---
name: media-generation
description: Generate images, videos, and audio using Google's Gemini APIs. Use for image generation/editing (Gemini 3 Pro Image), video generation (Veo 3), and speech (TBD). Trigger words - images: generate, create, draw, design, make, edit, modify image/picture. Video: generate video, create video, animate, make a video. Supports text-to-image, image-to-image editing, text-to-video, and image-to-video.
---

# Media Generation

## Image Generation

```bash
uv run ~/.claude/skills/media-generation/scripts/generate_image.py \
  --prompt "description or editing instructions" \
  --filename "output.png" \
  [--input-image "source.png"] \
  [--resolution 1K|2K|4K]
```

### Resolution
- `1K` (default) — also for: "low res", "1080p"
- `2K` — also for: "medium", "2048"
- `4K` — also for: "high res", "hi-res", "ultra"

## Video Generation

```bash
uv run ~/.claude/skills/media-generation/scripts/generate_video.py \
  --prompt "video description" \
  --filename "output.mp4" \
  [--model veo-3.0-generate-preview] \
  [--negative "things to avoid"] \
  [--input-image "first-frame.png"]
```

### Models
- `veo-3.0-generate-001` (default) — stable, video only
- `veo-3.0-fast-generate-001` — faster, lower cost
- `veo-3.1-generate-preview` — supports video extend, audio sync
- `veo-3.1-fast-generate-preview` — fast with extend support

### Prompting Tips
- Specify camera movements: `"slow zoom in", "pan left", "close-up"`
- Add `"no talking, no dialogue"` if character shouldn't speak
- Describe atmosphere: `"rain outside", "purple mystical energy"`

**Note:** Veo requires paid tier. ~$0.40/sec standard, ~$0.15/sec fast.

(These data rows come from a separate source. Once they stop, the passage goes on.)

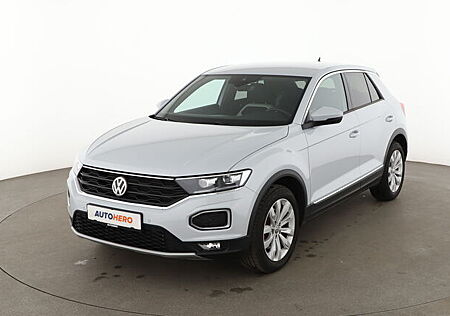 VW T-Roc 1.5 TSI ACT Sport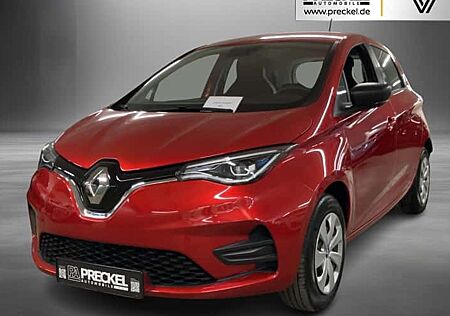 Renault ZOE Life R110/Z.E. 40 Batteriekauf 5 Türen
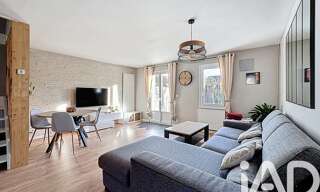 Maison 4 Pièces 73 m² à vendre à Vert-Saint-Denis (77240)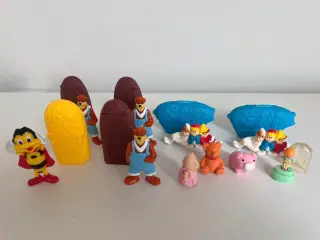 Kinderægfigurer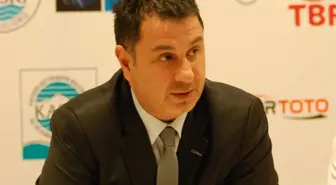 Kaskispor Başantrenörü Ayhan Avcı Açıklaması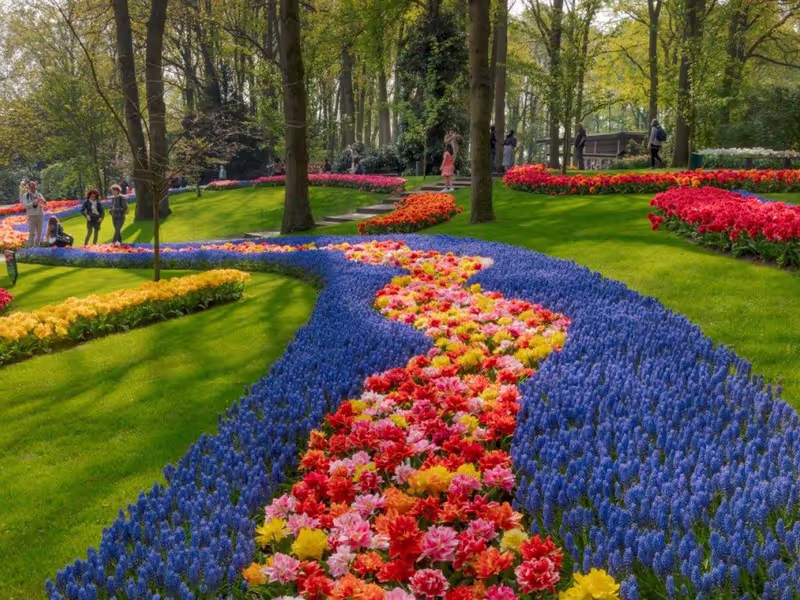 Amsterdam Private Tour -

## Music Video from Image + Audio

### Overview
1. Start with character image + audio track (e.g., from Suno)
2. Transcribe audio to get timestamps
3. Generate clip 1 from image (veo-3.1)
4. Extend each subsequent clip from previous (maintains continuity)
5. Stitch clips + overlay audio with ffmpeg

### Step 1: Transcribe audio for timing
```bash
whisper-ctranslate2 "song.mp3" --model large-v3 --output_dir /tmp --output_format srt
```

### Step 2: Generate first clip from image
```python
# Use veo-3.1 (required for extend feature)
operation = client.models.generate_videos(
    model="veo-3.1-generate-preview",
    image=types.Image(image_bytes=img_data, mime_type="image/jpeg"),
    prompt="character description, scene action, no talking",
)
video1 = operation.result.generated_videos[0]
```

### Step 3: Extend from previous clip
```python
operation = client.models.generate_videos(
    model="veo-3.1-generate-preview",
    video=previous_video.video,  # Pass previous video object
    prompt="next scene description, continuous action, no talking",
)
```

### Step 4: Stitch clips + add audio
```bash
# Create concat list
printf "file 'clip_01.mp4'\nfile 'clip_02.mp4'\n..." > concat.txt

# Stitch video clips
ffmpeg -f concat -safe 0 -i concat.txt -c copy combined.mp4

# Add audio track
ffmpeg -i combined.mp4 -i song.mp3 -c:v copy -c:a aac -map 0:v -map 1:a final.mp4
```

### Cost estimate
- ~8 sec per clip × $0.40/sec = $3.20/clip
- 4-min song ≈ 30 clips ≈ $96

## Audio Generation

- **Music:** Use Suno (external service)
- **Speech:** Gemini 2.5 TTS (Flash or Pro) - TBD script

## API Key

Uses `GEMINI_API_KEY` env var, or pass `--api-key KEY`.